Von einer Zäsur sprach Manuel Karcher (FDP). Die Verschuldung sei nun Realität geworden. „Die kommenden Haushaltsjahre werden deutlich härter werden.“ Der Haushalt des Landkreises sei gebeutelter denn je. Karcher setzt aber auf eine Trendumkehr ab dem Jahr 2025. „Wir müssen die Realität annehmen, die Ergebnisse und Einwirkungen akzeptieren und unsere Lehren für zukünftige und generationsgerechte Haushalte ziehen“, sagte Karcher. Und weiter: „Beeinflussungen von außen sind schwer abzufedern, dennoch sollten wir Prozesse optimieren und Kosten in der Breite reduzieren.“ Regieren müsse in Zukunft Reagieren genannt werden, appellierte er an Land und Bund. Diese sah er in der Pflicht, die Finanzkraft der Kommunen im Landkreis zu stärken. „Dies ist ein wichtiges Anliegen unserer Fraktion, und dafür kämpfen wir.“ Und beim einen oder anderen Kreisprojekt müsse ein Schieben und Streichen akzeptiert werden, alle formulierten Ziele könnten in diesem Jahrzehnt nicht erreicht werden.
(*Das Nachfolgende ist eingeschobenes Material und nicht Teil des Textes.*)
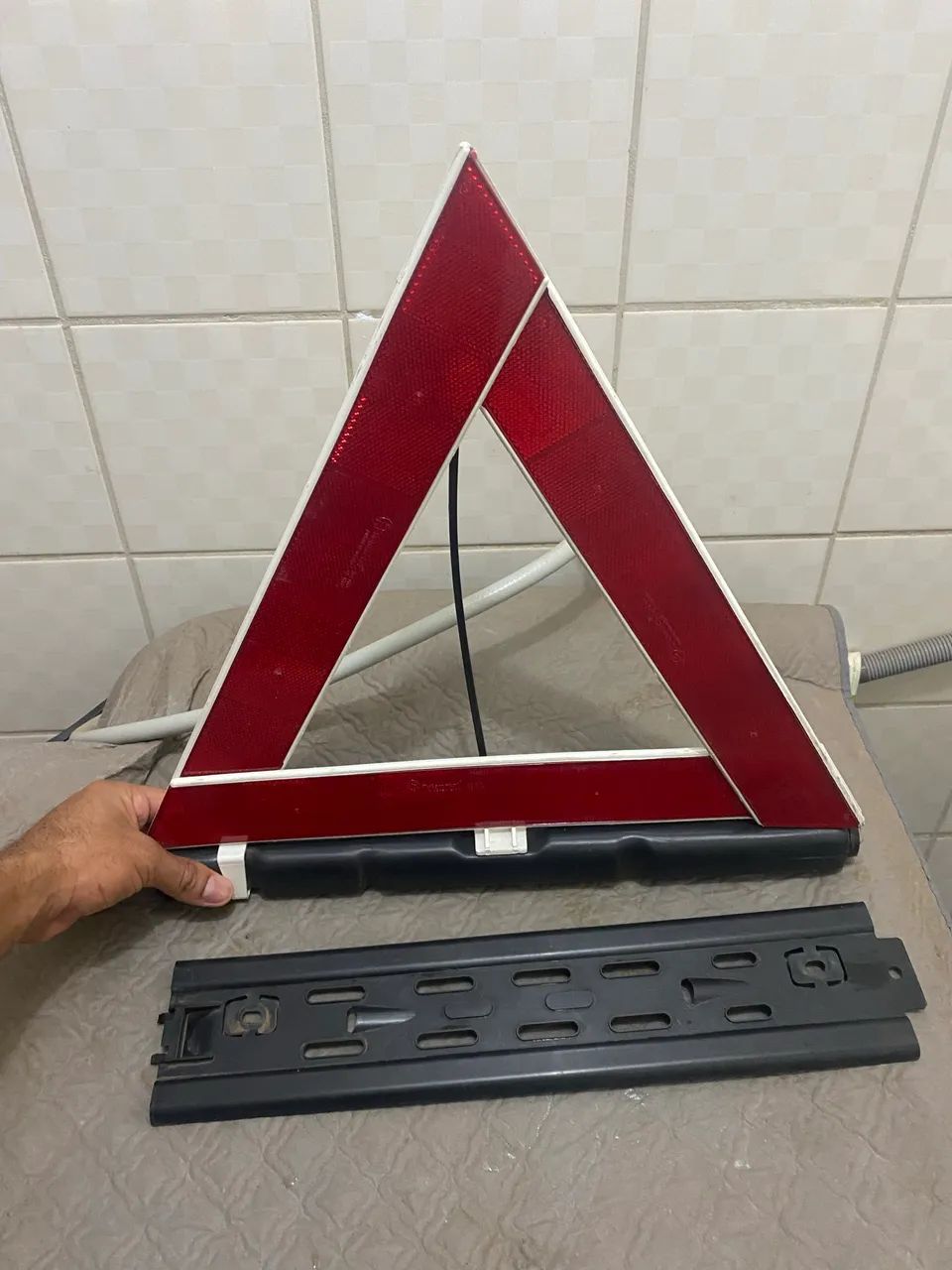 Triângulo de sinalização de carro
Zu einer großangelegten Kritik setzte Wolfgang Fuhl (AfD) an: „Wir haben ein großes strukturelles Defizit, was dringend angegangen werden muss.“ Fuhl monierte die Abkehr von der Teilortsumfahrung Rümmingen, die beabsichtigte Reaktivierung der Kandertalbahn als S-Bahn, die geplante Vergärungsanlage für Bioabfälle und die aktuelle Anschaffung von Elektrofahrzeugen für den Forstbereich. Die AfD trug den Haushaltsentwurf 2023 mit, allerdings sei die Grunderwerbssteuer sehr optimistisch angesetzt.

Die Fraktion hätte sie näher beim Ist-Wert des laufenden Jahres angesetzt und dafür den Hebesatz für die Kreisumlage auf 33,1 Prozent erhöht, erklärte Fuhl. So bleibe ein Millionenrisiko.